The effects of the GABAB-selective agonist baclofen were studied on guinea pig nodose ganglion neurones using grease gap and intracellular recording techniques, and on peripheral mechanosensitive endings in the guinea pig oesophagus and stomach with extracellular recordings. GABA dose-dependently reduced the amplitude of the compound action potential of C-type neurones (C spikes, EC50 = 30.9 microM), which was prevented by the GABAA antagonist bicuculline (10 microM). The GABAB agonist baclofen (1-300 microM) did not produce any significant effect on the amplitude of C spikes. In microelectrode studies, baclofen (100 microM) evoked hyperpolarisation (by 2.53 +/- 0.51 mV, n = 6, N = 5) in a subset of nodose neurones (6 out of 26, N = 18). In seven out of eight neurones (N = 8) with a slow after-hyperpolarisation following action potentials, baclofen significantly inhibited its amplitude by 19 +/- 4% (n = 7, p < 0.05). GABA (100 microM) evoked a depolarisation of 9.3 +/- 2.4 mV (10 nodose neurones, N = 9, p < 0.05) associated with a decrease in input impedance of 49 +/- 12% (N = 4, p < 0.05).
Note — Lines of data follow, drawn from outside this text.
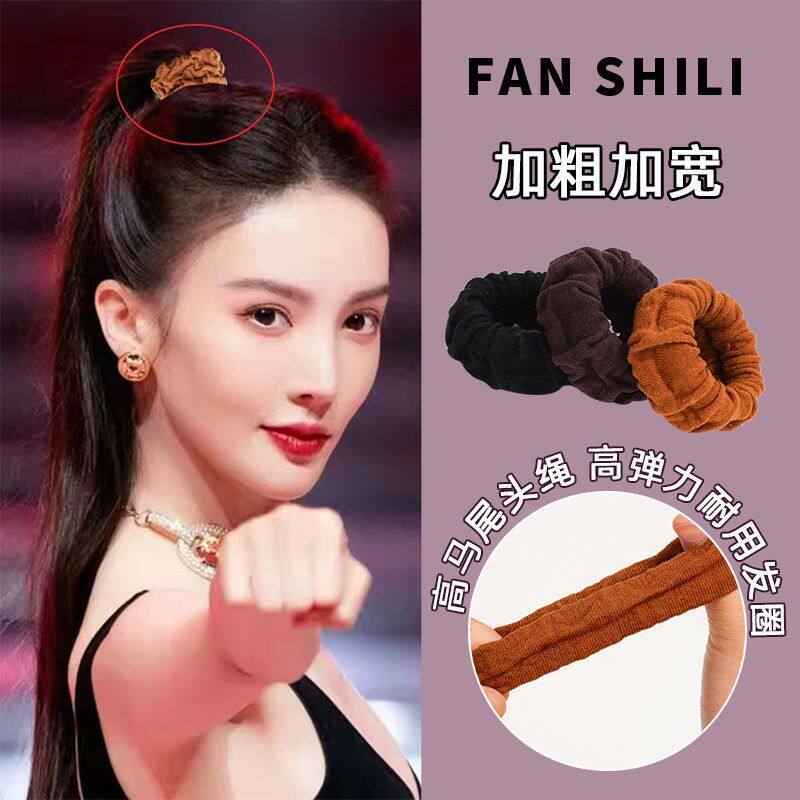 Hair Tie 2025 New Style Hair Tie Rubber Band Headband Women's Ball Hair Accessories High Elastic Hair Rope Headwear Artifact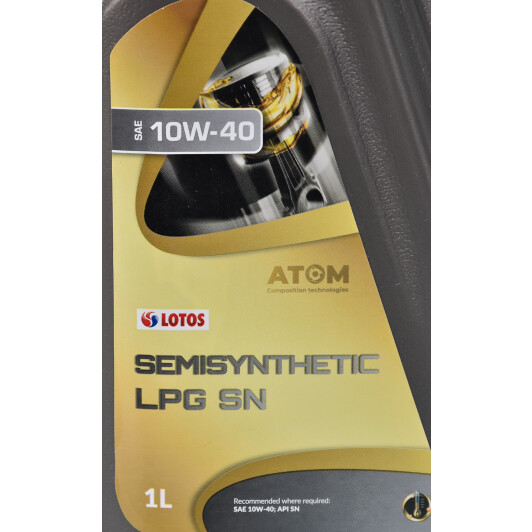 Моторное масло LOTOS Semisynthetic LPG 10W-40 1 л на Rover CityRover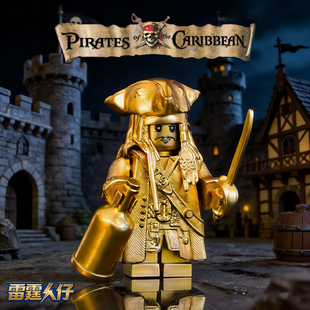 加勒比海盗系列杰克船长JACK黑珍珠号电影第三方积木人仔拼装玩具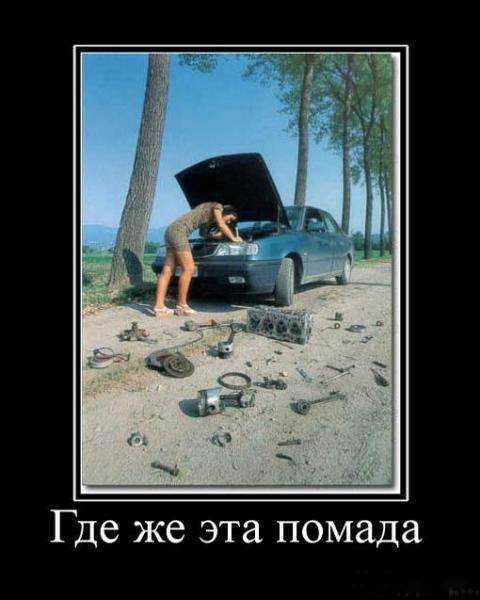 Демотиваторы про девушек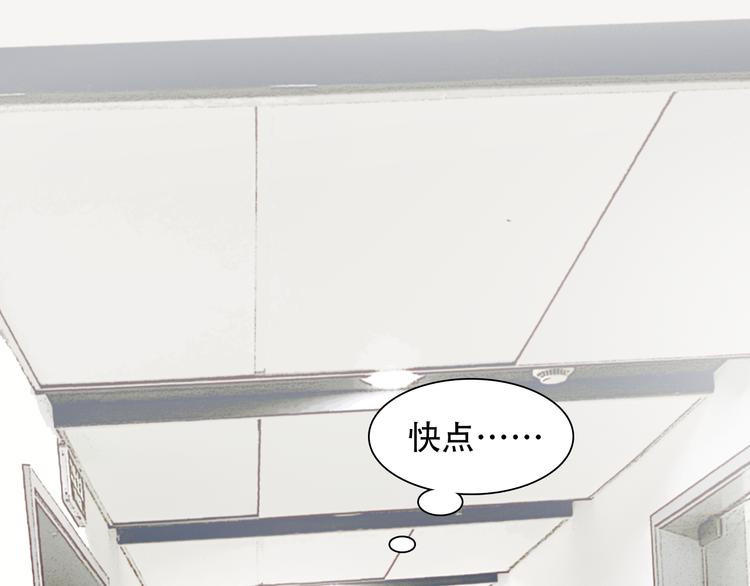 第18话 冤家路窄29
Baclofen (100-200 microM) did not affect either spontaneous or stretch-evoked firing of distension-sensitive vagal mechanoreceptors of the guinea pig oesophagus and stomach but did inhibit mechanoreceptors in the ferret oesophagus. Antibodies to GABAB receptor 1a splice variants labelled most of the neurones and numerous fibres in the guinea pig nodose ganglion while antibodies to GABAB receptor 1b splice variants stained only nerve cell bodies. There were numerous nerve fibres showing GABAB receptor 1a- and 1b-like immunoreactivity in the myenteric plexus in the guinea pig oesophagus and stomach but not in anterogradely labelled extrinsic vagal nerve fibres. The result indicates that most guinea pig C-type nodose ganglion neurones have GABAB receptors on their cell bodies but their density on distension-sensitive peripheral endings is too low to allow modulation of mechanotransduction. There is a significant species-dependent difference in the expression of GABAB receptors on peripheral vagal mechanosensitive endings.